The biggest challenge for Labour based on current polling isn’t to reach Downing Street, or even avoid being crushed, it’s to survive at all. The “existential crisis” described by Lord Kinnock last year is upon them. And in here in Wales as much as in England.



Daran Hill is MD of Positif

10 thoughts on “The Real Fight Starts Now

  1. Although Mr.Hill is probably correct (as always) in his perspicaceous analysis, the main barrier for the Conservatives in Wales is the perception of the ‘personalities’ of the current leaders (in Wales). These two project chronic ‘old Tory’. Other Tory candidates are non-entities, horsey types or verging on the Vichy apologist. Therefore, unless the Tories come up with candidates that have or can reflect the current, ahem, ‘popularity’ of the Prime Minister then things will ‘stay the same’ – this is what I predict.
    It won’t be a meltdown of Labour nor will Plaid Cymru gain (or lose) that much even if Rhondda is taken. As for the UK Irrellevance Party, Greens and Lib Dems; their day is done.
    The council elections will see the growth in the number of ‘independents’ as people ‘vote the person not the party’ movement grows.
    The dilemma for Labour is the question, on which their whole strategy appears to rest, do people vote for ‘policies’ anymore? The young might, the older no longer?
    Events, dear boy, are happening with dizzying speed but people don’t change as quickly.

  2. We’re having a general election not because Theresa May wanted one but because Labour wanted one. It was the votes of Labour MPs that got May her desire for an early election realised.
    The result of the election, unless something truly remarkable happens will be a large Tory majority to see them through the Brexit process with Labour having, not so much little say as zero say regarding the outcome. Presumably Labour see this election and the disastrous results it brings for them as an opportunity to get rid of Jeremy Corbyn as leader and it doesn’t matter who ends up paying for it.

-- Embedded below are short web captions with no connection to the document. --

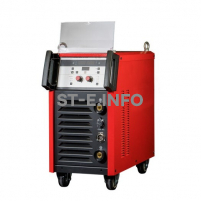 Полуавтоматический аппарат для сварки MIG-350USL - st-e.info - Асбест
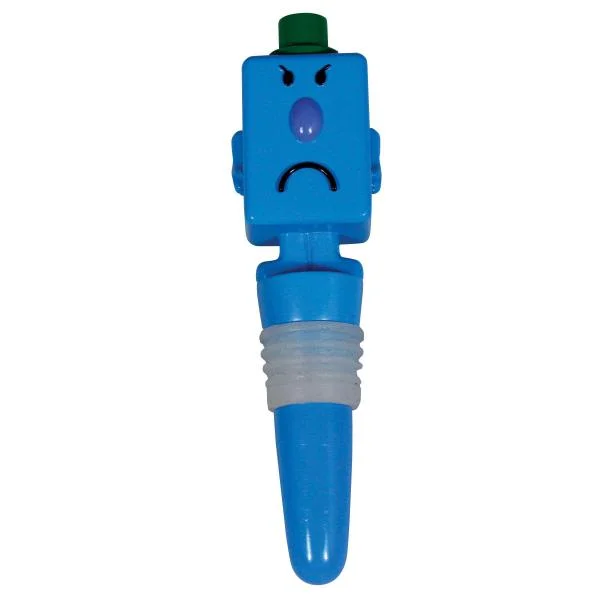 Mr Men Bottle Stop (Mr. Grumpy) Image 1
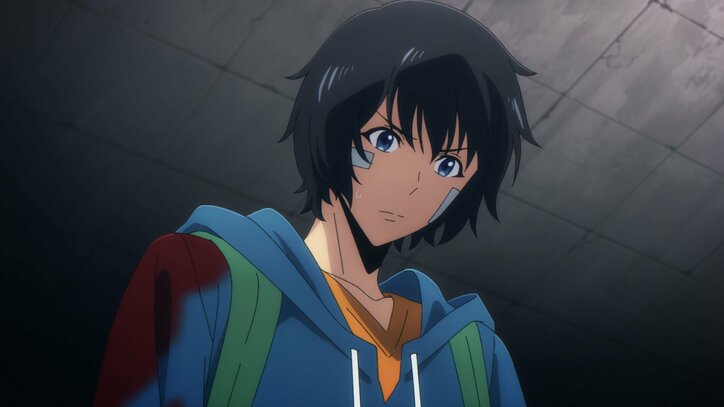 【写真・画像】アニメ『俺だけレベルアップな件』全話一挙配信が決定!最新・24話まで3月31日(月)、4月1日(火)に無料一挙放送 2枚目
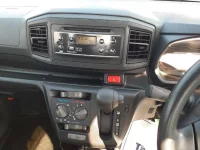 Subaru PLEO PLUS лот № 401 оценка R  с аукциона в Японии 8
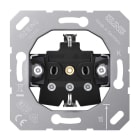 EURO UNITECH ELEKT - UEK1521EINS PRESASCHUKOR(SENZAMASCHERINA)CONVITID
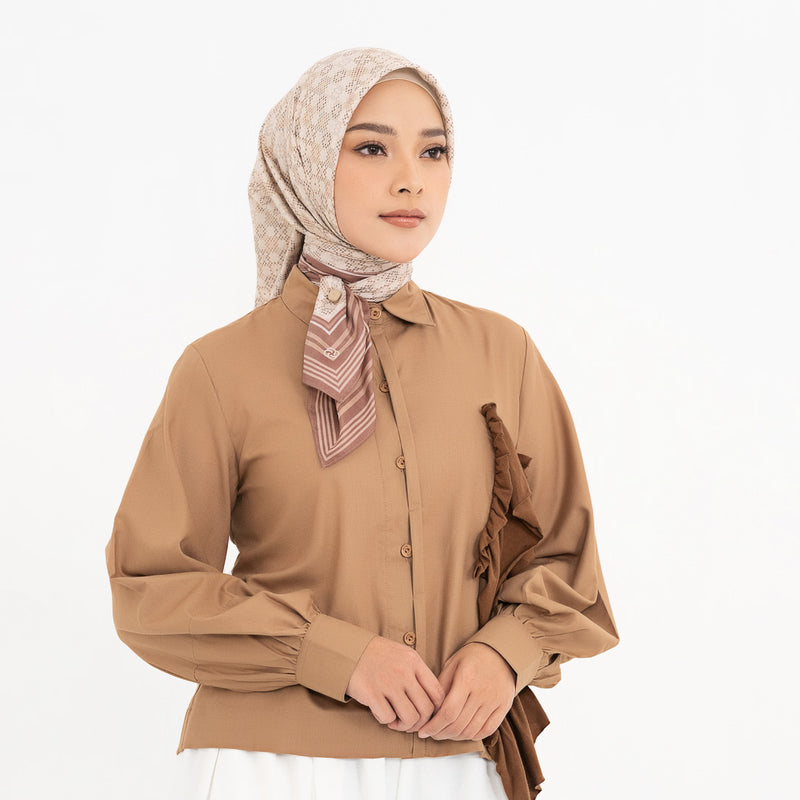 HIJAB DEENAY ESTELLE SERIES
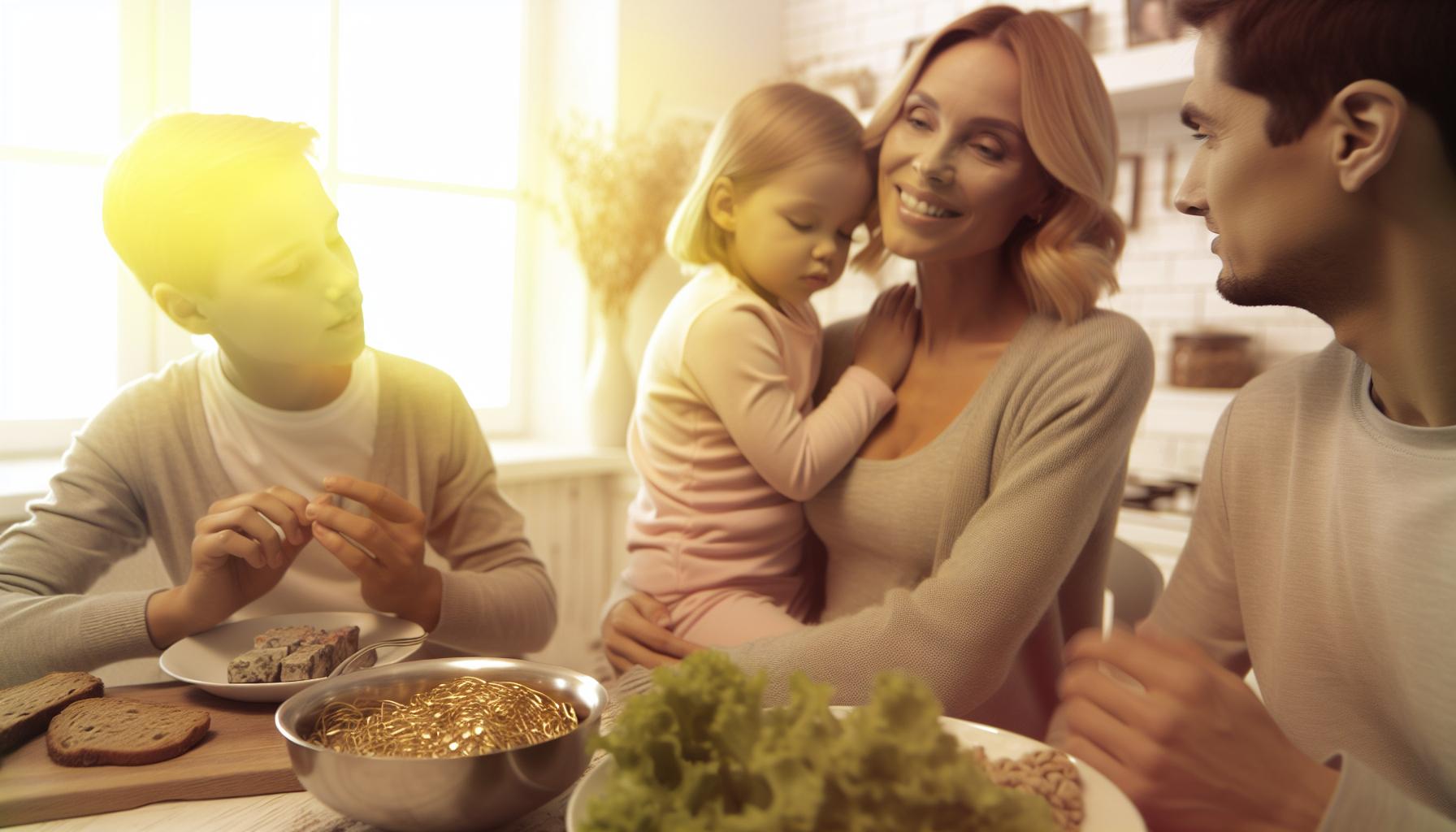 Heavy Metal Detox While Breastfeeding: Safe Practices Explained 3 Nutritional Support: Foods That Aid Heavy Metal Detox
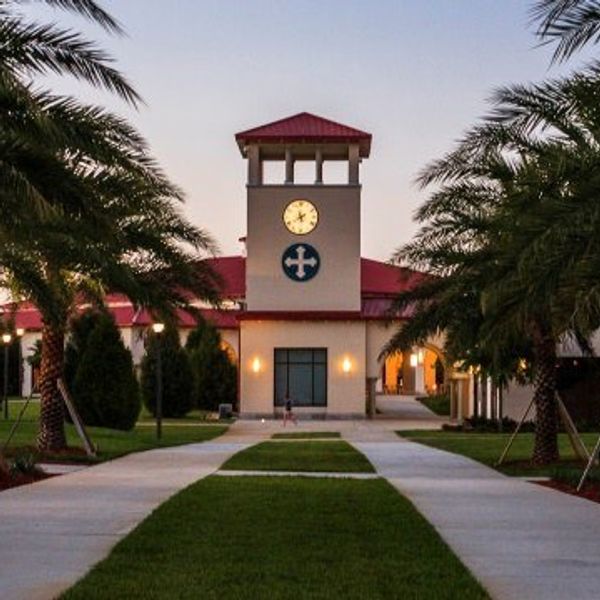 Why Saint Leo Is Home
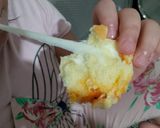 Foto langkah ke 9 dari resep Roti manis soft banget...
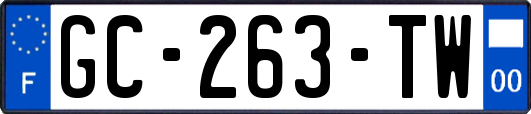 GC-263-TW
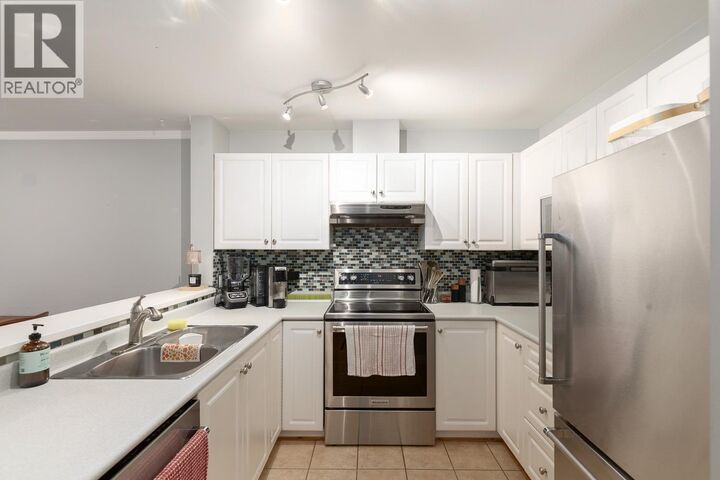 Property Photo:  3038 East Kent Avenue South 107  BC V5S 4V8 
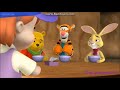 My Friends Tigger And Pooh Darby Solo Sleuth Episodes 4 Scott Moss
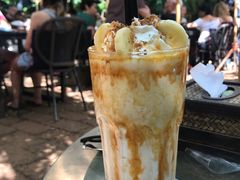 香煎奶昔-Fern Forest Cafe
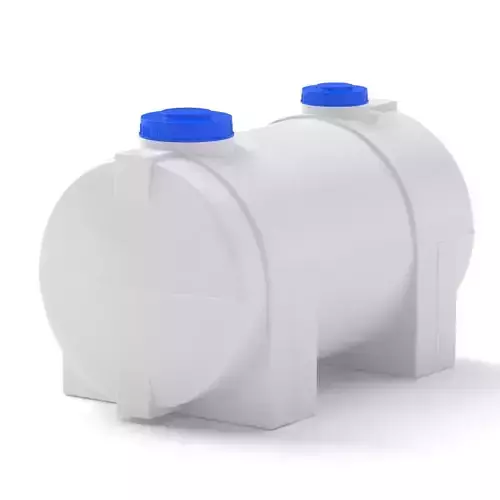 Plastic Water Tank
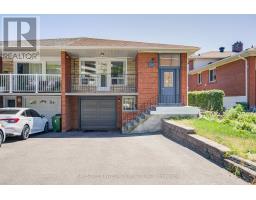 108 Bowhill Crescent, Toronto (Pleasant View), Ca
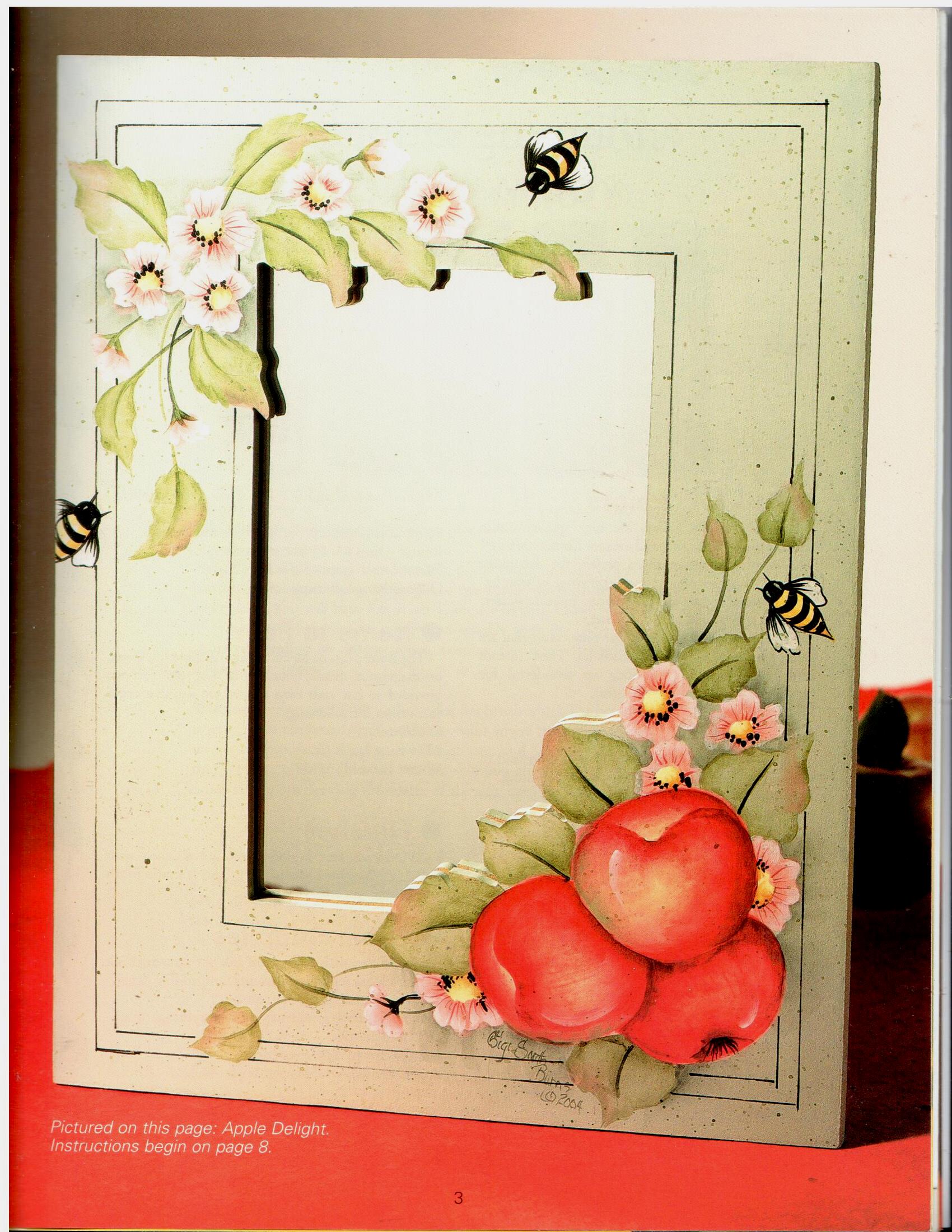 CLEARANCE: Mirror Beauty - Gigi Smith - Burns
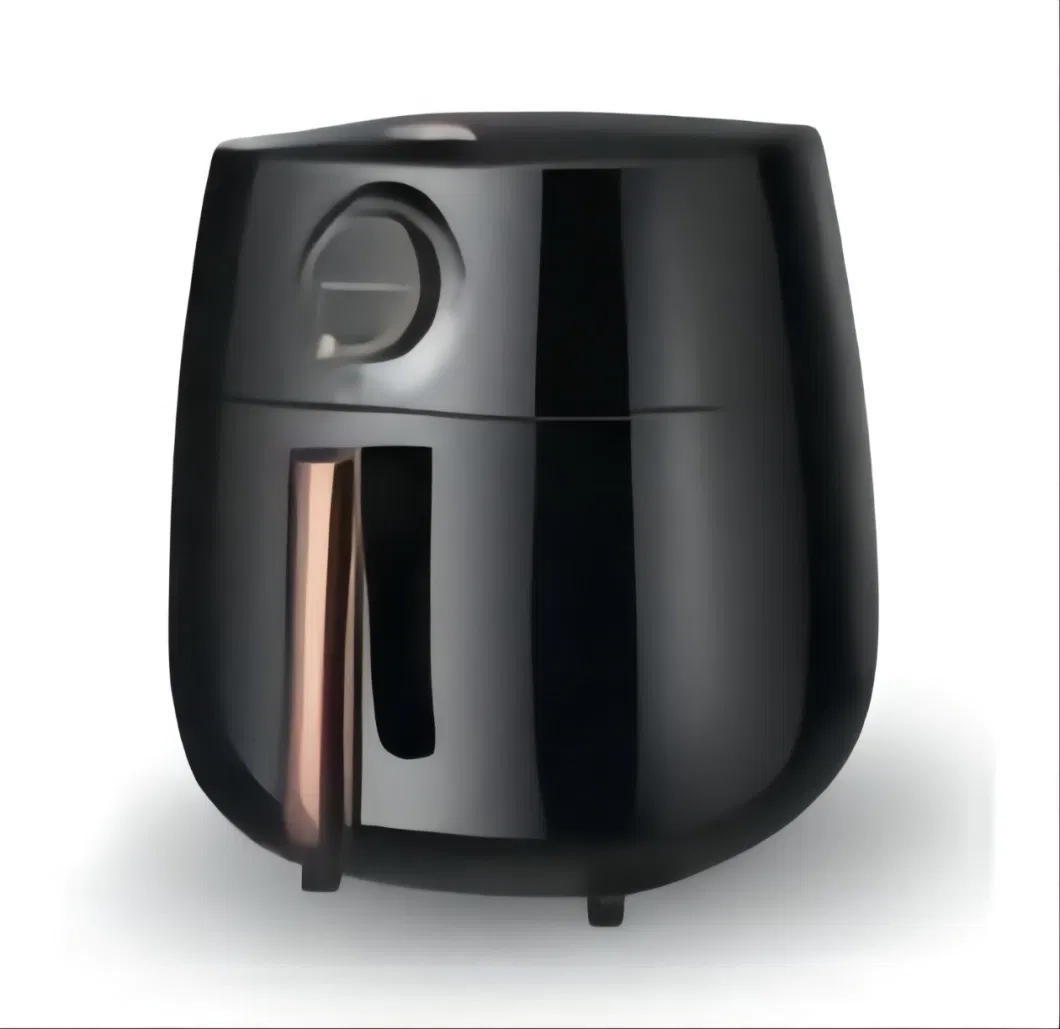 4L 1400W-Super Powerful-Household/Home Uses-Electric Kitchen Airfryer/Appliances/Machine-Power Tools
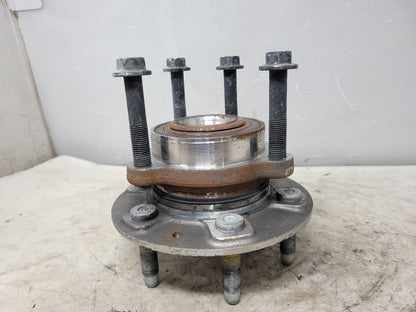 2022 SILVRDO15 OEM FRONT 4WD WHEEL HUB BEARING 25K 32841 - image 3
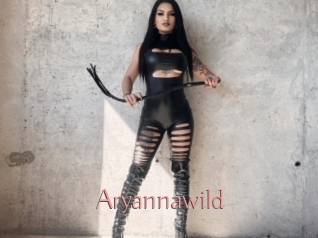 aryannawild Kostenlose Sexcams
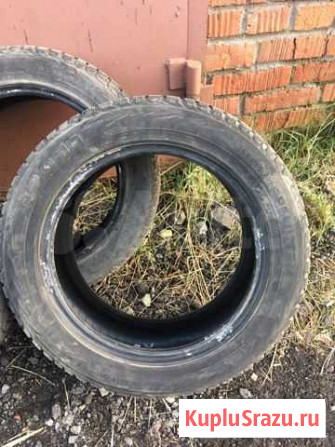 Nokian hakapellita 5 205/55r16 Вологда - изображение 1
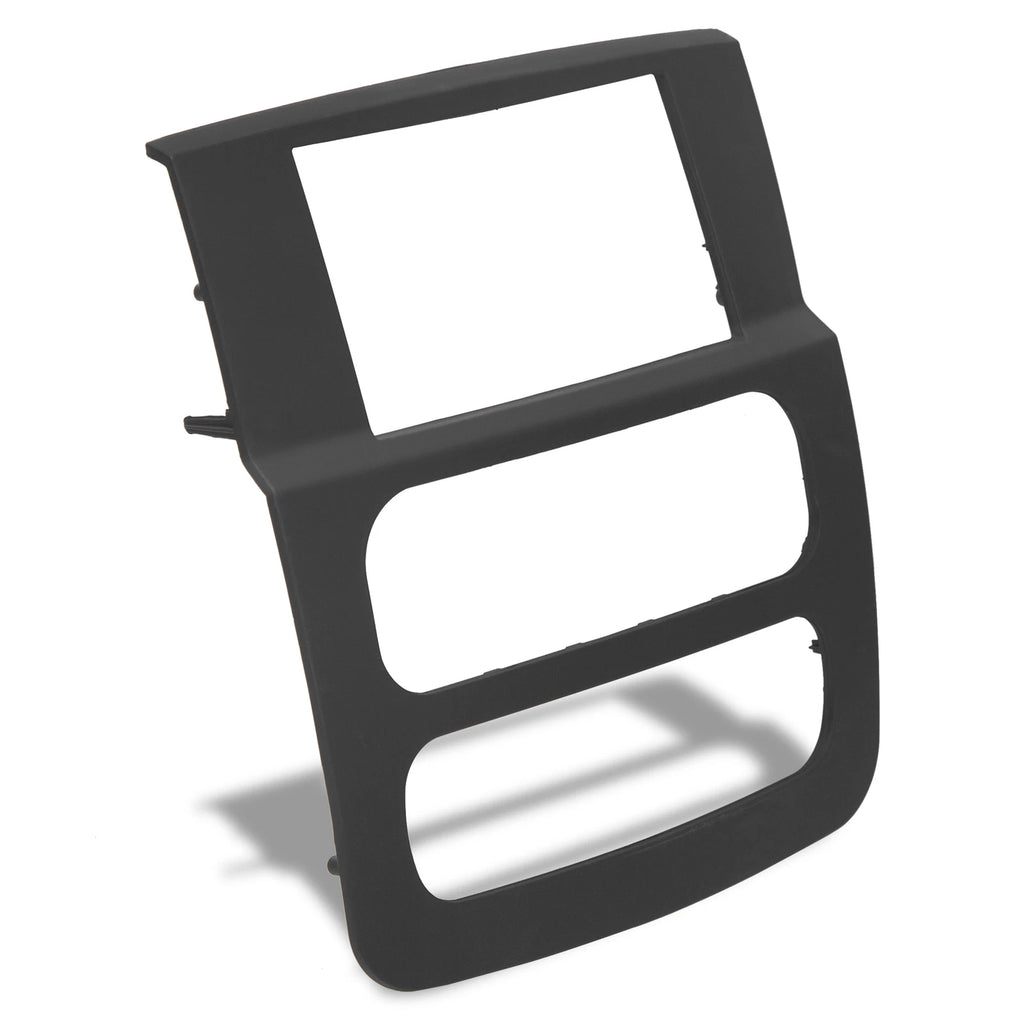 Double Din Dash Panel Kit for Dodge Ram 2002–2005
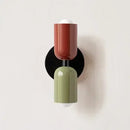 Colorful Wall Sconce Light - Nordic Design for Children's Rooms 12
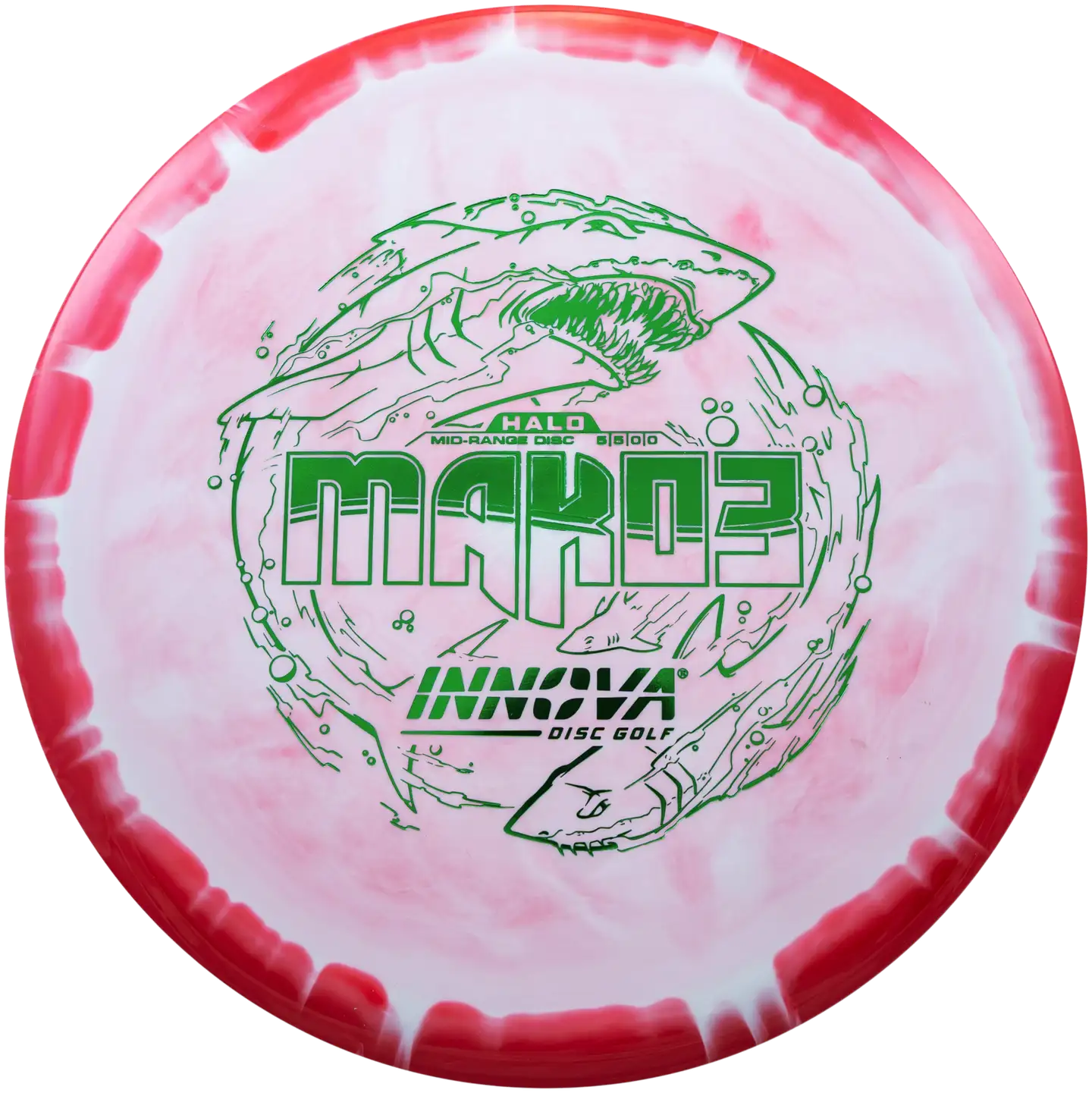 Innova Halo Star MAKO3 midari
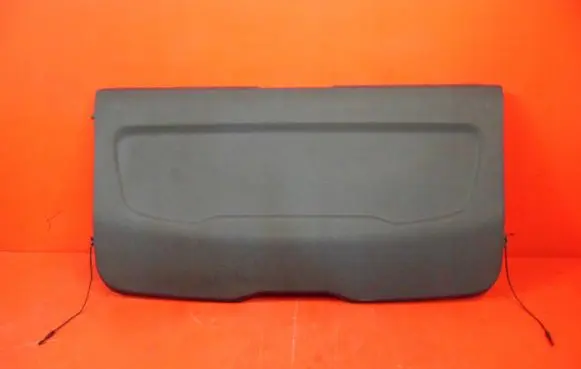 Audi A3 8Y Parcel shelf 8Y4867769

    We have the two main political parties in the UK both blatantly demonstrating that their party comes before anything else. Before the needs of the electorate and even before the needs of those who vote for them. If the Labour party does disintegrate then perhaps the silver lining might be that there’ll be one less self serving political party around for us to suffer.

  3. Bellweather makes the point about the young voting for policies and the old not. Putting it slightly differently, when you’re young you vote for what you believe in, as you get older it becomes a damage limitation exercise. Anyone who doubts the damage done daily by Labour to itself need only listen to Eddy Mair’s interview with Dawn Butler MP on last night’s PM. Go to and it’s about nine minutes in. Just not electable.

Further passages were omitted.